Task instructions
The reply should reproduce every line of the data below word for word, minus any images.

Available data
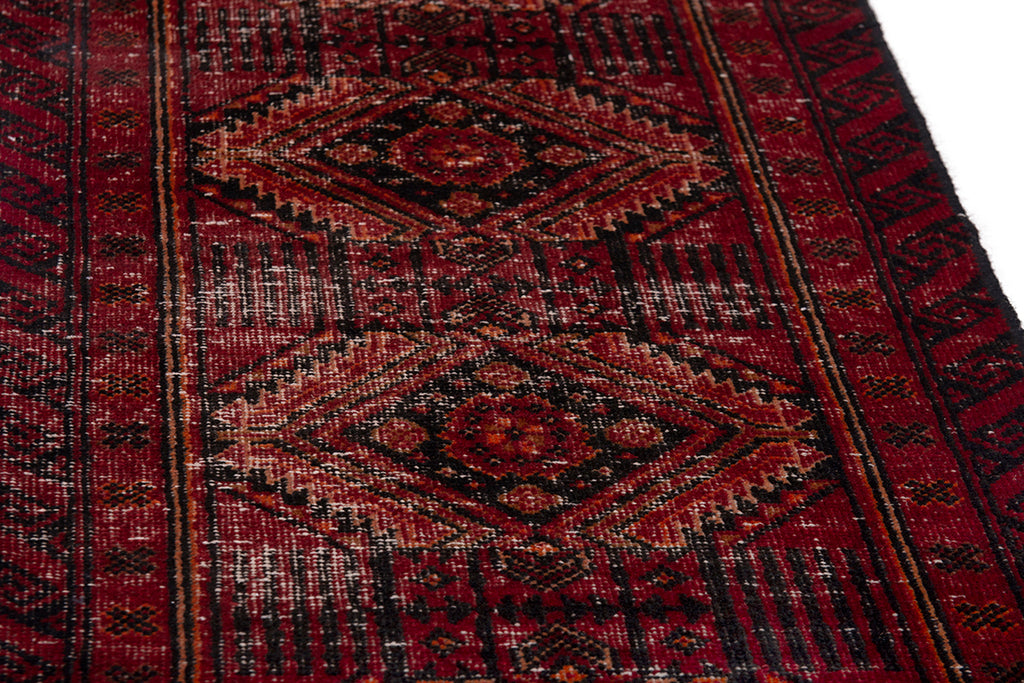 5562 Balouch Handmade Persian Rug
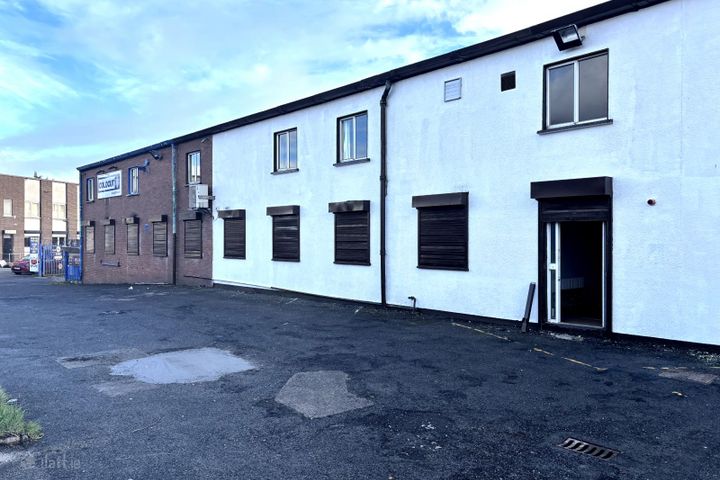 Slaney Close, Dublin Industrial Estate, Dublin 11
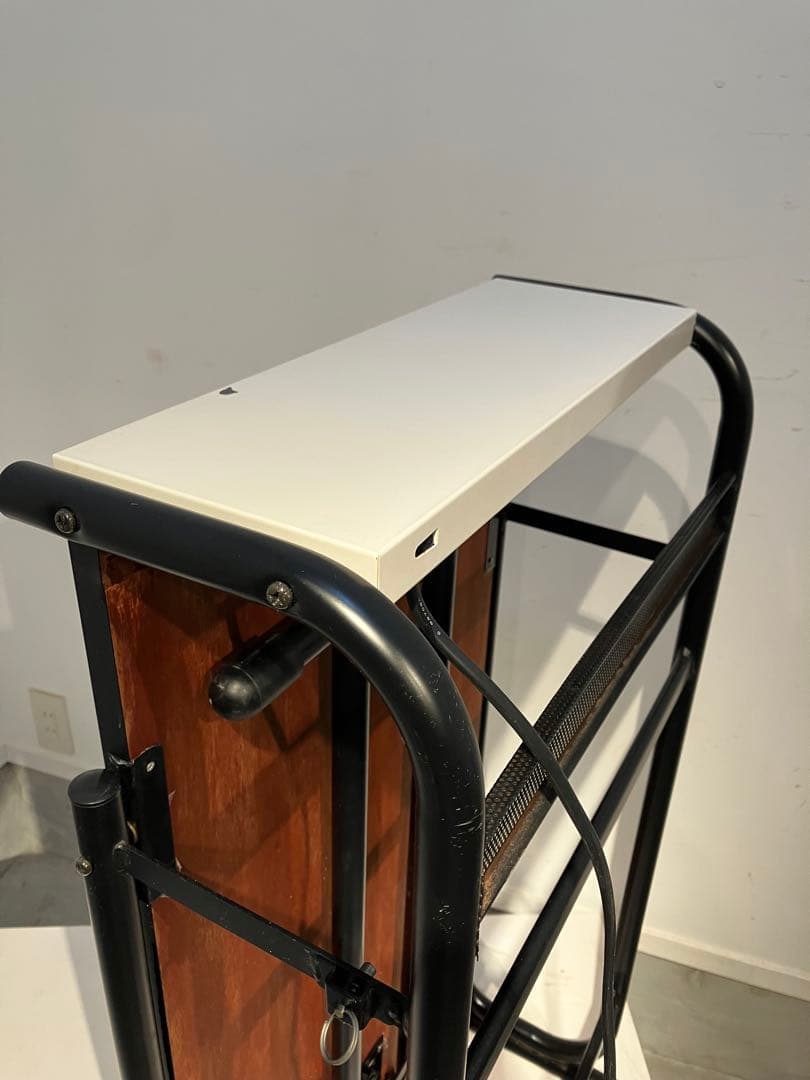 ネオヴィンテージ、90’s フォールディングデスク、ポストモダン、グッドデザイン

Response box
 5562 Balouch Handmade Persian Rug
 Slaney Close, Dublin Industrial Estate, Dublin 11
 ネオヴィンテージ、90’s フォールディングデスク、ポストモダン、グッドデザイン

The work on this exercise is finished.